■ Exercise brief ■
Output each record below exactly. No images go in the copy.

■ Stored records ■
-- Opening Marker --

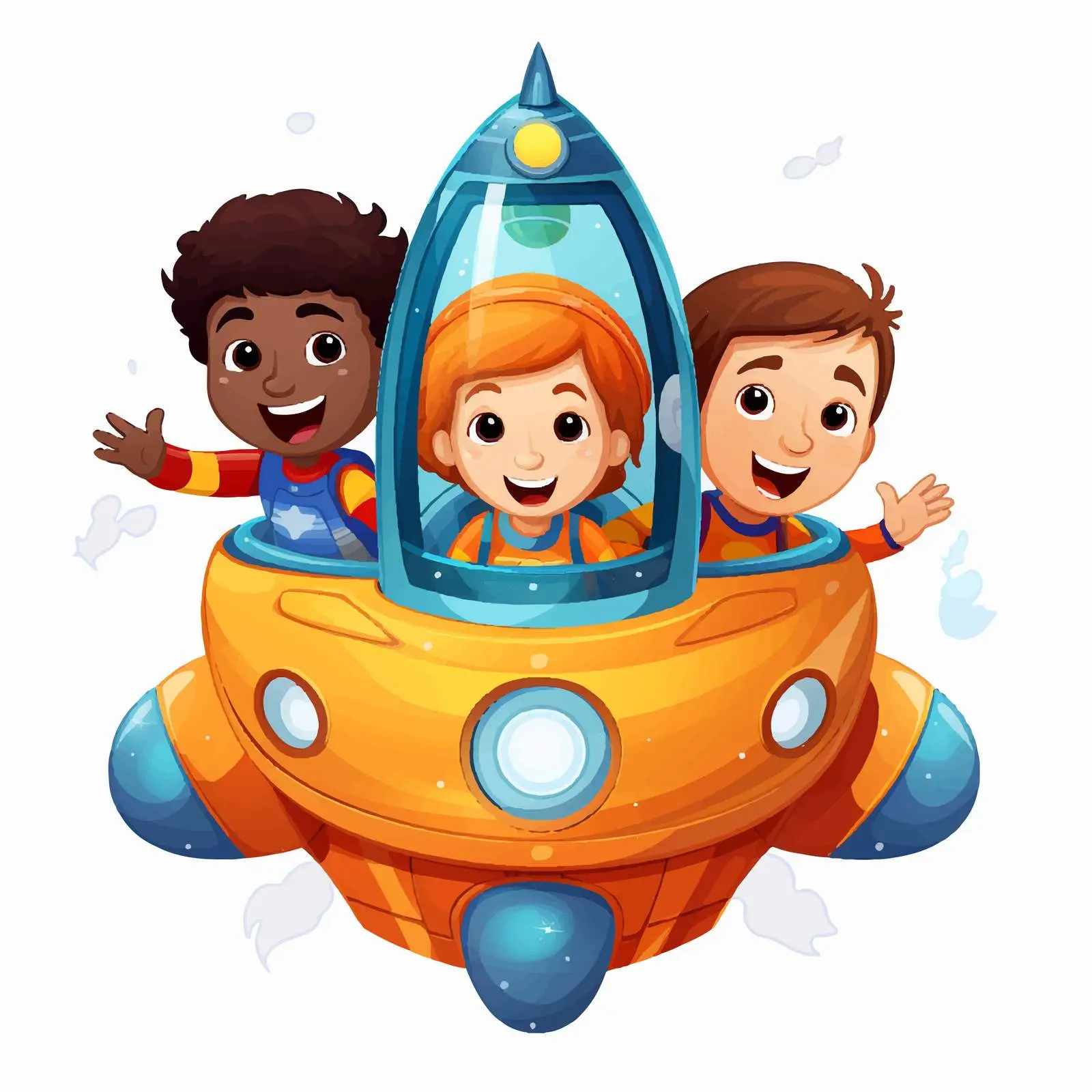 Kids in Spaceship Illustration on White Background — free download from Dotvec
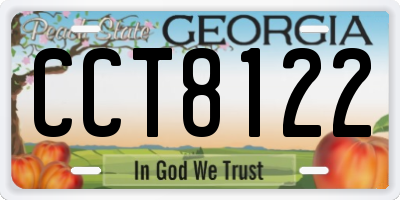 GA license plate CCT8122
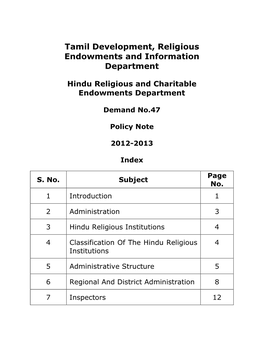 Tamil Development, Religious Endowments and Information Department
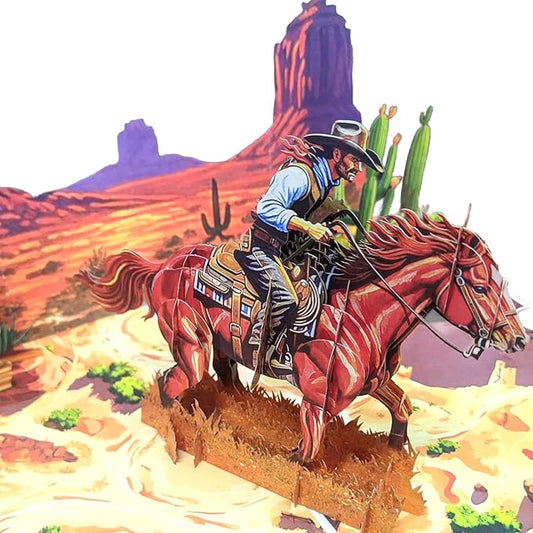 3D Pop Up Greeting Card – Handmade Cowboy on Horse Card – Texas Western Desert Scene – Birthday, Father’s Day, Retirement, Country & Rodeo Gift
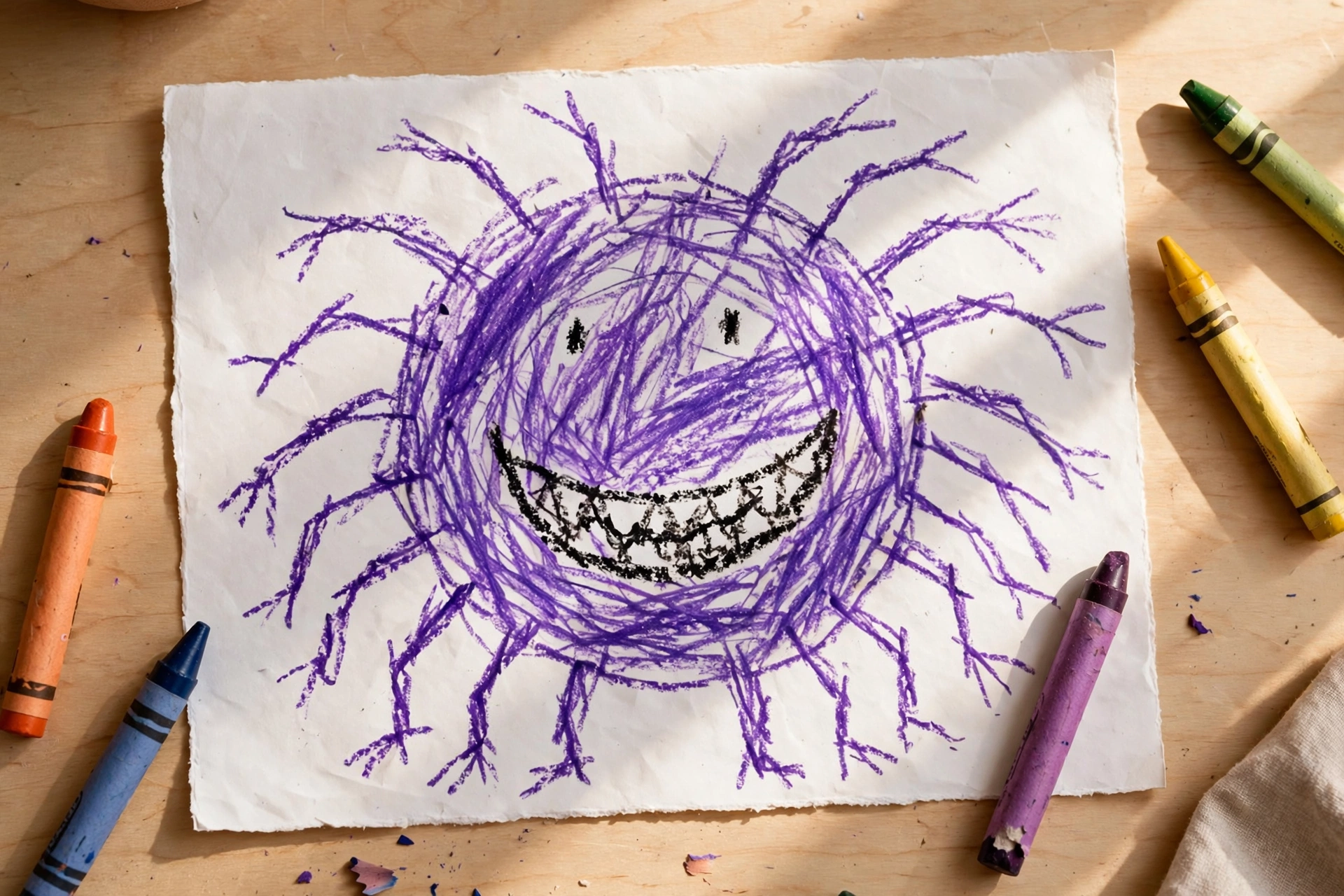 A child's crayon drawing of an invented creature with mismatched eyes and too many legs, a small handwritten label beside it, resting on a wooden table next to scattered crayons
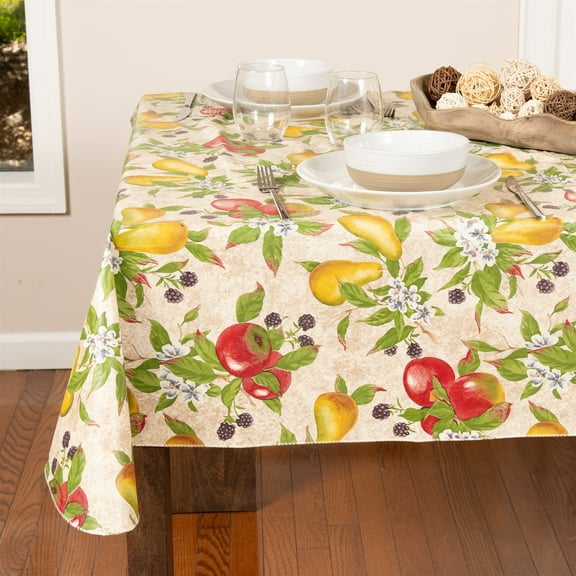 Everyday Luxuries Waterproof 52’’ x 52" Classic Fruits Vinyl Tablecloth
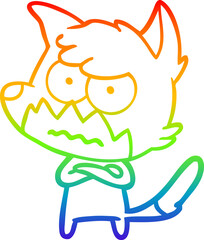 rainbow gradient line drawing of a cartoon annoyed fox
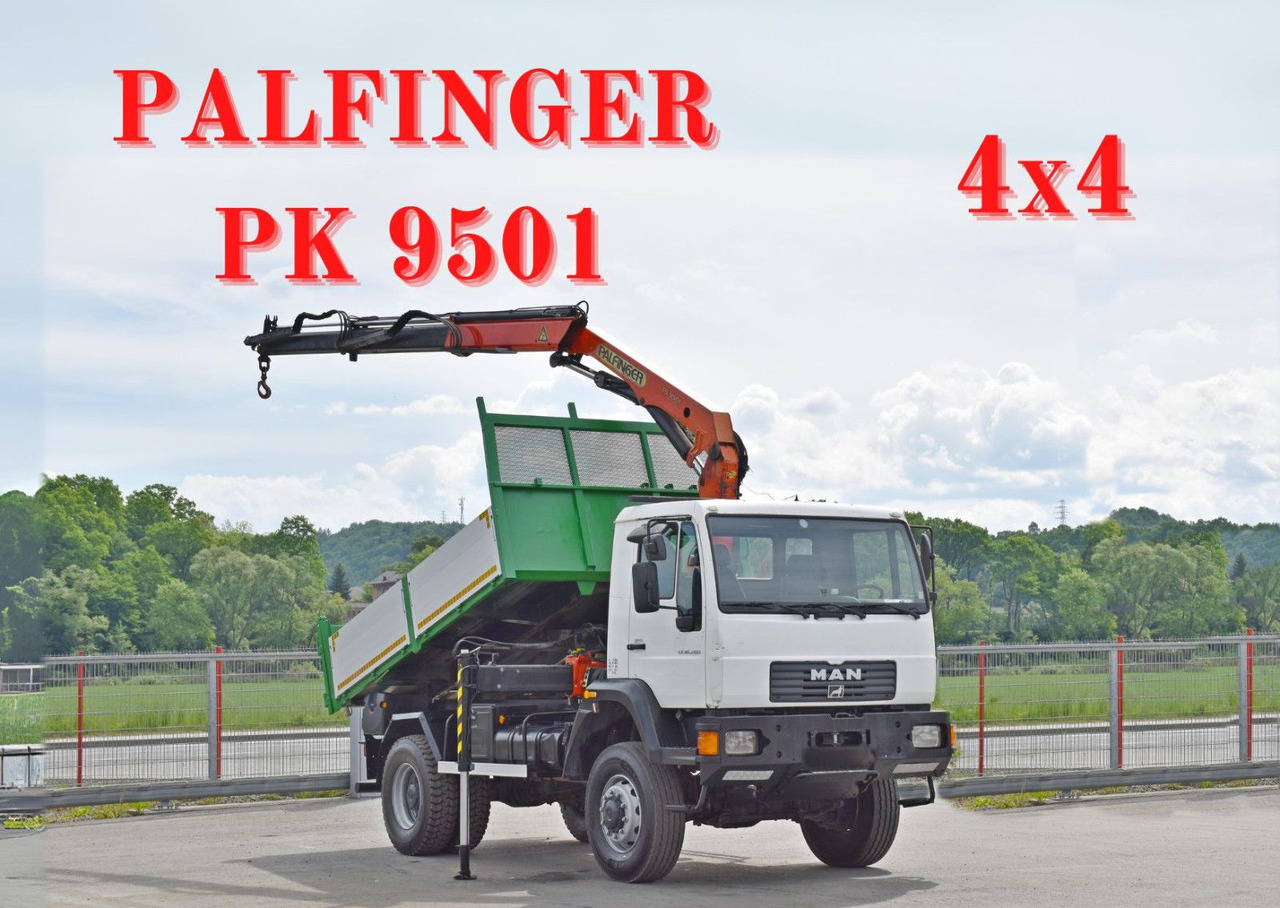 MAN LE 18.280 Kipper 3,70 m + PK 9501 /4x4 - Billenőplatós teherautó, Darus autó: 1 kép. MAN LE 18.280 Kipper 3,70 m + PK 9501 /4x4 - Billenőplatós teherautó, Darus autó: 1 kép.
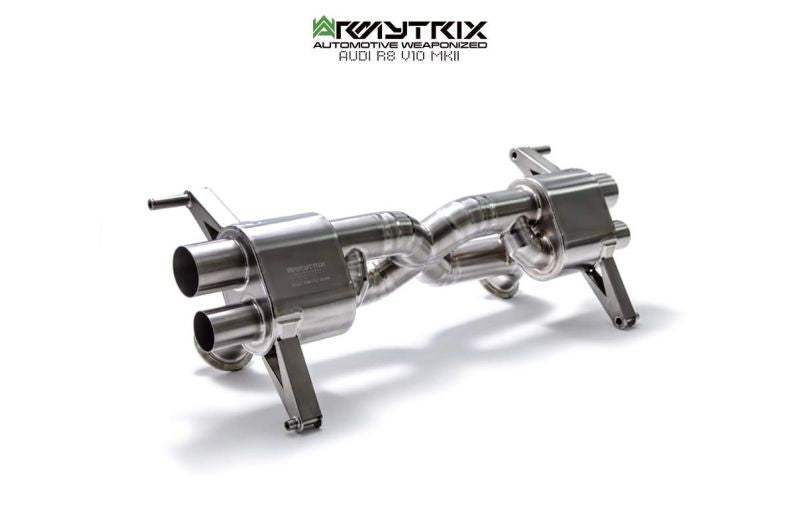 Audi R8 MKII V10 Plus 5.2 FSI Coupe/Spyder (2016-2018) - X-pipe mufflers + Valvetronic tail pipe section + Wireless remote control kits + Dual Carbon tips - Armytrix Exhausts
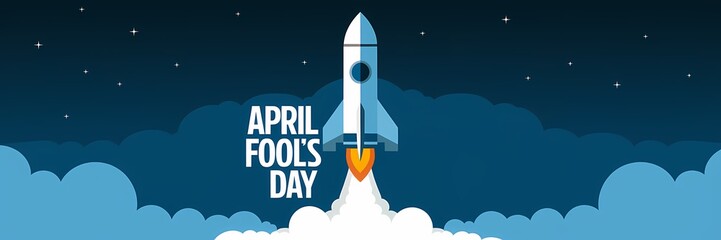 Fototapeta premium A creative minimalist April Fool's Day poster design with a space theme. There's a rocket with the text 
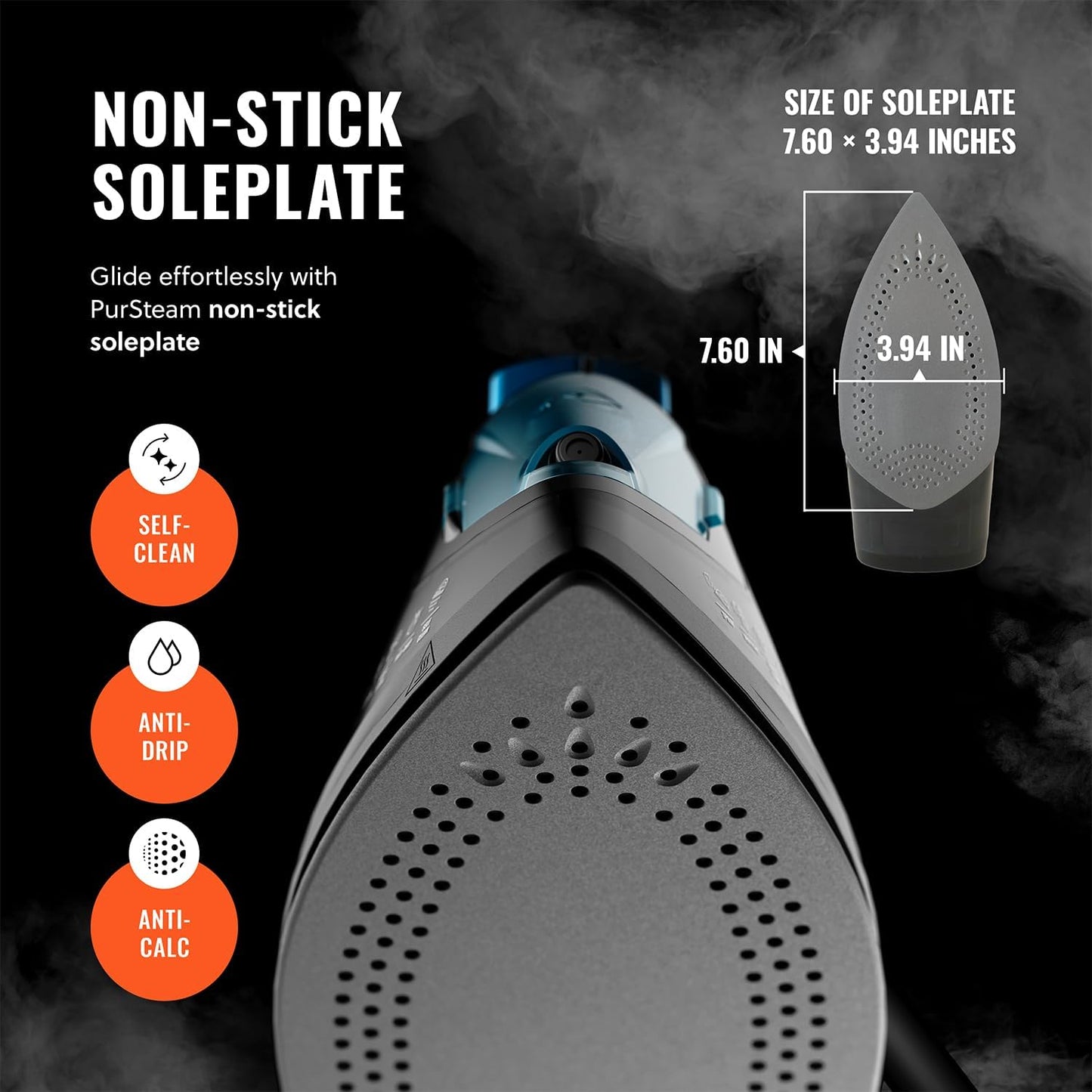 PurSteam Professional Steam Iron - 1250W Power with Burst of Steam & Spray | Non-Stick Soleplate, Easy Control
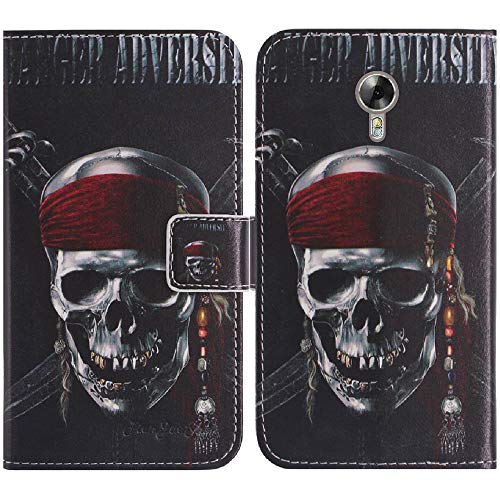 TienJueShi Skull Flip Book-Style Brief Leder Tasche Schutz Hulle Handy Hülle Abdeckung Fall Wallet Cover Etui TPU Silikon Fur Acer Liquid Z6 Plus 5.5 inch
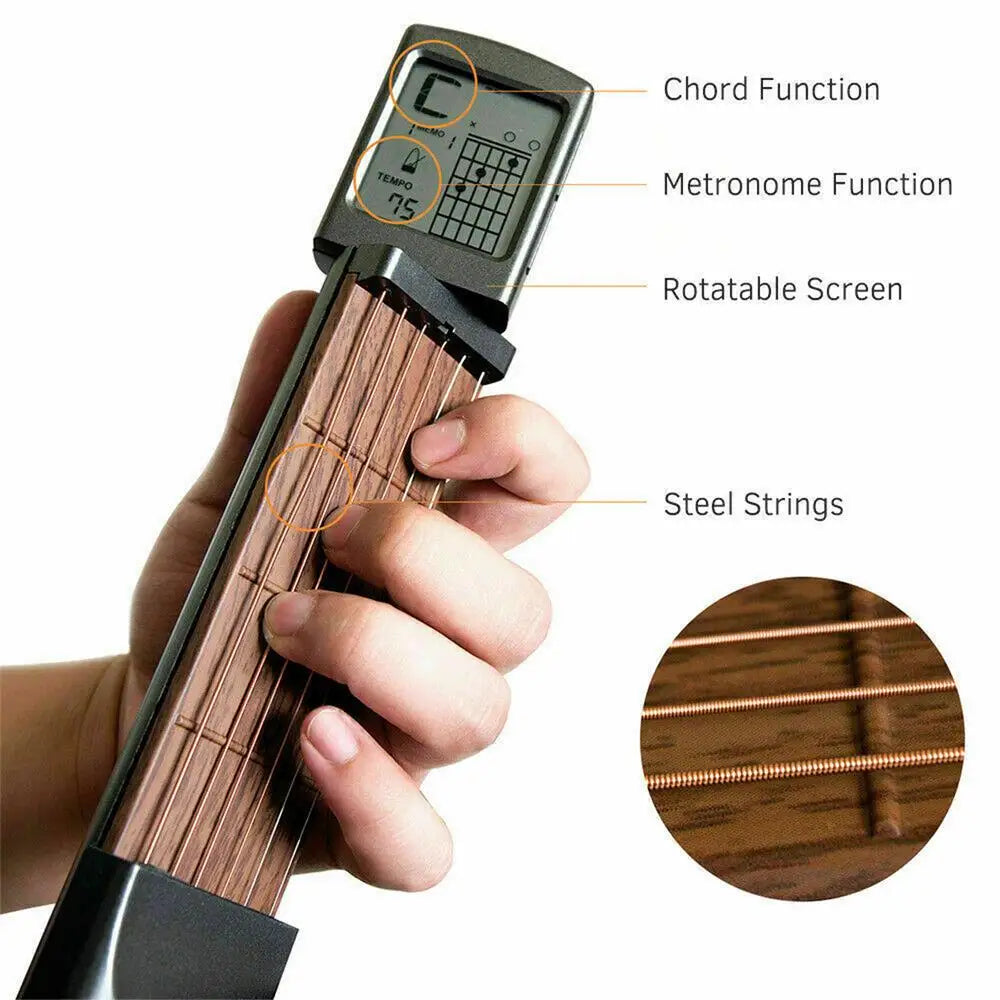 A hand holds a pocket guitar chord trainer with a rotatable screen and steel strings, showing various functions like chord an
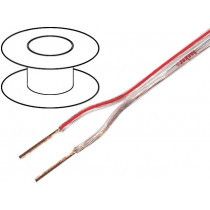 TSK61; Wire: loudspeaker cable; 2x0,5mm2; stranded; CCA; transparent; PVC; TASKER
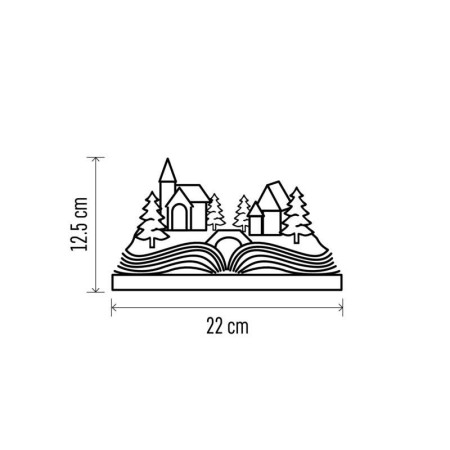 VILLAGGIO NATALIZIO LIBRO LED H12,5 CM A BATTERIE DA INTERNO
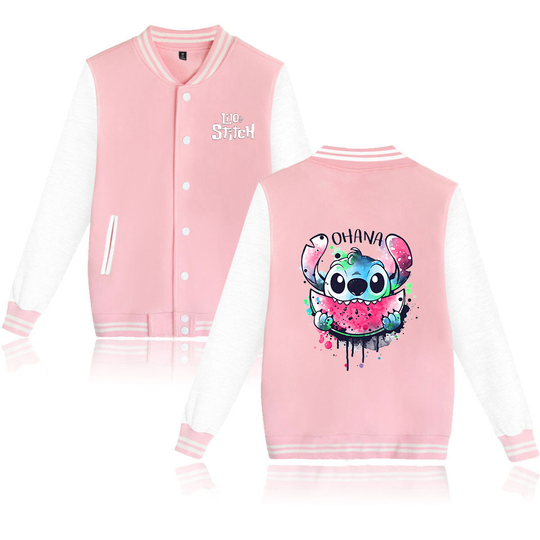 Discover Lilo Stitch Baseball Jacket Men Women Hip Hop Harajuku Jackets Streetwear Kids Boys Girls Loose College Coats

-- Closing Marker --

■ Result ■
 Kids in Spaceship Illustration on White Background — free download from Dotvec
 GA license plate CCT8122
 Tamil Development, Religious Endowments and Information Department
 3D Pop Up Greeting Card – Handmade Cowboy on Horse Card – Texas Western Desert Scene – Birthday, Father’s Day, Retirement, Country & Rodeo Gift
 A child's crayon drawing of an invented creature with mismatched eyes and too many legs, a small handwritten label beside it, resting on a wooden table next to scattered crayons
 Everyday Luxuries Waterproof 52’’ x 52" Classic Fruits Vinyl Tablecloth
 rainbow gradient line drawing of a cartoon annoyed fox
 MAN LE 18.280 Kipper 3,70 m + PK 9501 /4x4 - Billenőplatós teherautó, Darus autó: 1 kép. MAN LE 18.280 Kipper 3,70 m + PK 9501 /4x4 - Billenőplatós teherautó, Darus autó: 1 kép.
 Audi R8 MKII V10 Plus 5.2 FSI Coupe/Spyder (2016-2018) - X-pipe mufflers + Valvetronic tail pipe section + Wireless remote control kits + Dual Carbon tips - Armytrix Exhausts
 Fototapeta premium A creative minimalist April Fool's Day poster design with a space theme. There's a rocket with the text 
 PurSteam Professional Steam Iron - 1250W Power with Burst of Steam & Spray | Non-Stick Soleplate, Easy Control
 TienJueShi Skull Flip Book-Style Brief Leder Tasche Schutz Hulle Handy Hülle Abdeckung Fall Wallet Cover Etui TPU Silikon Fur Acer Liquid Z6 Plus 5.5 inch
 A hand holds a pocket guitar chord trainer with a rotatable screen and steel strings, showing various functions like chord an
 TSK61; Wire: loudspeaker cable; 2x0,5mm2; stranded; CCA; transparent; PVC; TASKER
 VILLAGGIO NATALIZIO LIBRO LED H12,5 CM A BATTERIE DA INTERNO
 Discover Lilo Stitch Baseball Jacket Men Women Hip Hop Harajuku Jackets Streetwear Kids Boys Girls Loose College Coats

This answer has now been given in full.